Oleh karena itu, SBY mengatakan perlunya evaluasi menyeluruh tentang sistem, undang-undang dan penyelenggaraan pemilu perlu dilakukan. Terutama menurut SBY bagi pihak pemerintah, parlemen dan penyelenggara pemilu.
"Tujuannya, pemilu di masa mendatang bisa berlangsung lebih baik. Yang sudah baik kita pertahankan, yang belum baik kita perbaiki. Itulah harapan Partai Demokrat. Saya yakin itu pula harapan rakyat kita," tegasnya.
Menurut SBY, rivalitas Pilpres 2019 sudah selesai dan saatnya bersatu membangun bangsa. Dia mengatakan tidak etis untuk memulai rivalitas menyambut Pilpres 2024.
"Tak baik dan malu kepada rakyat, kalau saat ini kita memulai lagi kontestasi baru. Apalagi jika semangat dan nafsunya adalah untuk mendapatkan kekuasaan di tahun 2024. Juga tidak etis, karena pemerintahan Presiden Jokowi yang kedua, baru mulai melaksanakan tugasnya. Mari hormati pemerintah kita, dan tentunya rakyat kita," katanya.
Presiden RI ke-6 ini menambahkan, partainya mendorong semua pihak untuk bersatu dan menghentikan politik identitas yang memecah-belah. Saatnya semua warga menghentikan politik yang membelah dan memisahkan.
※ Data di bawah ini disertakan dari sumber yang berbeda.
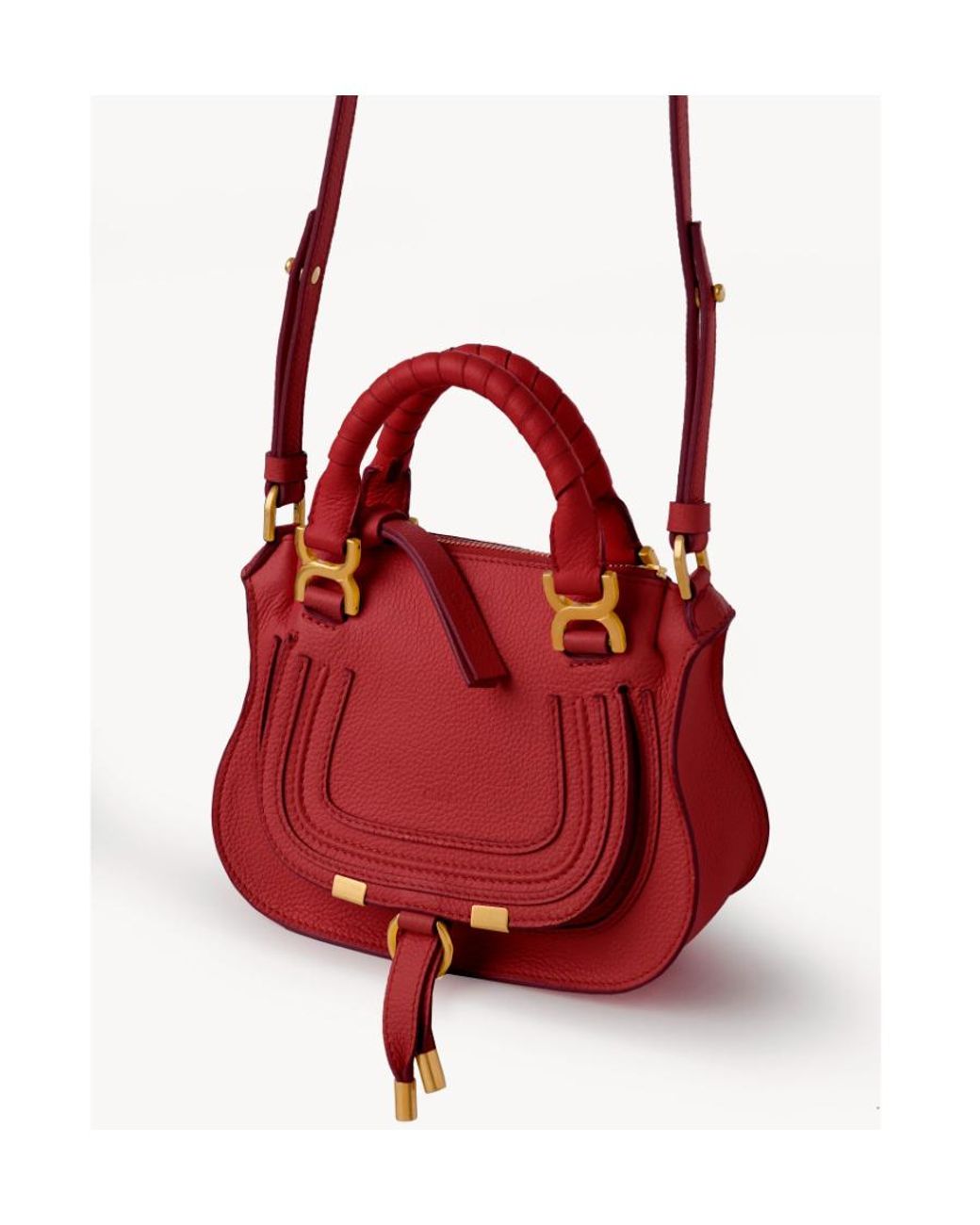 Chloé Red Debossed-Logo Leather Shoulder Bag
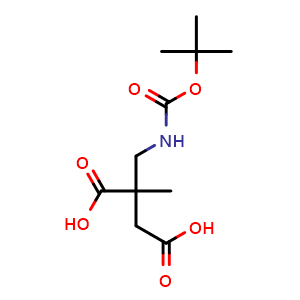Chemical structure of N-Boc-2-(aminomethyl)-2-methylsuccinic acid , CAS 2383627-78-7, AChemBlock AD286057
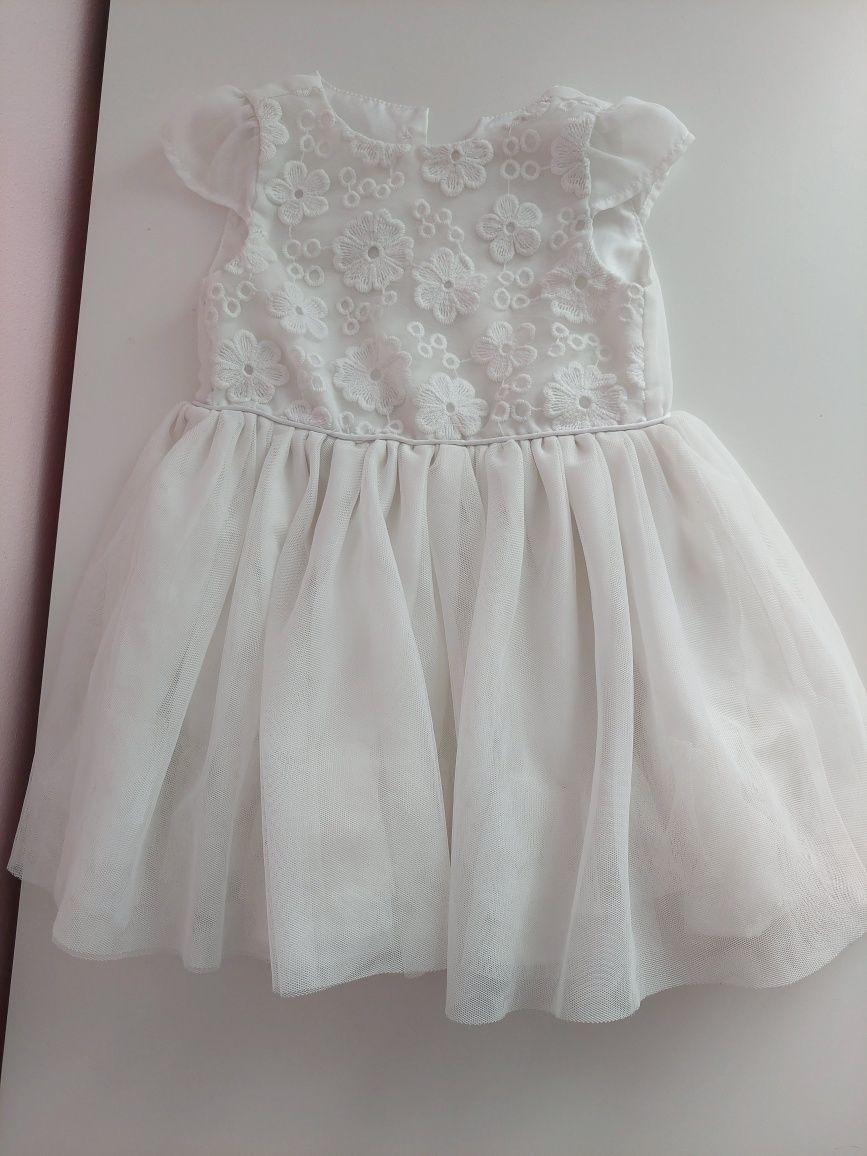 Biała sukienka elegancka tiulowa z koronką young dimension 12-18m 80-8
"Saatnya pula, kita kembali membangun hubungan antar kekuatan politik yang lebih damai dan menyatukan. Hubungan yang bernuansa kawan dan lawan harus kita ganti dengan hubungan antar mitra. Kemitraan untuk membangun bangsa. Kemitraan dan kebersamaan untuk mengatasi permasalahan yang dihadapi rakyat. Rakyat menghormati negara dan pemimpinnya. Negara dan pemimpin sabar dan mengayomi rakyat dengan adil dan penuh rasa kasih sayang. Bersatu kita teguh. Bersama kita lebih kuat. Together we are stronger," kata dia.
SBY mengatakan sikap Demokrat tidak berubah yakni berada di luar pemerintahan Presiden Joko Widodo dan Wakil Presiden Ma'ruf Amin. Meski berada di luar, Demokrat berkomitmen mendukung pemerintahan Jokowi-Amin.
"Demokrat akan mendukung penuh keputusan dan kebijakan pemerintah yang tepat, dan sesuai keinginan rakyat. Namun, Demokrat akan mengkritisi keputusan dan kebijakan yang kami pandang keliru, dengan harapan dapat dilakukan koreksi dan perbaikan. Inilah tanggung jawab moral, sosial dan politik Partai Demokrat yang harus kami jaga dan laksanakan," pungkasnya.